As someone who has shattered my kneecap, I feel your pain. It is a slow slow process to go down stairs.

If that was me with a shattered kneecap, I would've just said "Ugh...**** it. I'll die in a fire before putting forth effort".

dawnia_tbone07 0

I can totally feel your pain. I tore my MCL and IT band a few months ago, and stairs have been a b**** ever since. I can't imagine having to do 6+ floors in an "emergency" FYL

ouch you couldnt just get a pas sof something? how did you shatter your kneecap???

mr_miyagi 0

Well then you're gonna die if theres a fire

oh_geeze 0

oh my god. that really sucks. I'm sorry :(

just be glad it was just a drill and not the real thing.

wilt 0

Well then take the elevator back up. Oh yeah, maybe you should point out to your dorm supervisor that they need to make arangements to help the injured or wheelchair bound out of the dorm. That's what drills are for, to find problem areas before a fire actually occurs.

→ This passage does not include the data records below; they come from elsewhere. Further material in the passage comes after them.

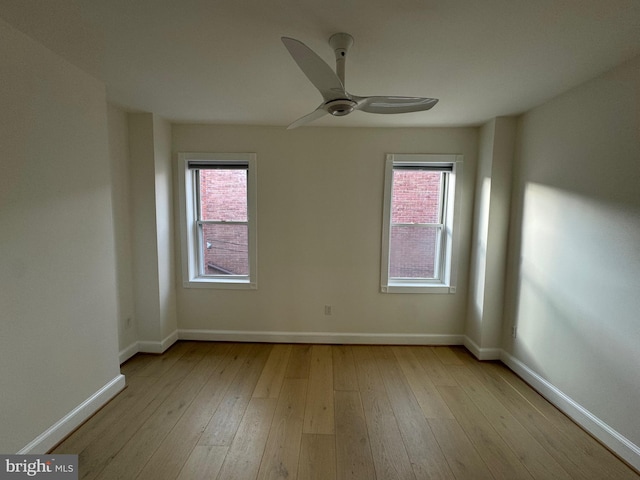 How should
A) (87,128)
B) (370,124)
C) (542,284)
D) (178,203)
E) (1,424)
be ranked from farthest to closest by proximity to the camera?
(178,203) → (370,124) → (542,284) → (87,128) → (1,424)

They used to do these once per semester in my dorm. But they'd always do them in the middle of the week between 10:00 and 12:00 at night. Half the students would be asleep and would have to wake up, find their way down the flights of stairs, stand outside in their pajamas in the dark and cold for over an hour (while the firefighters made sure everyone was out of the building), then climb back up the stairs to our rooms. If you dared to accidentally lock your door when you left, the firefighters would break it down to fake-save you.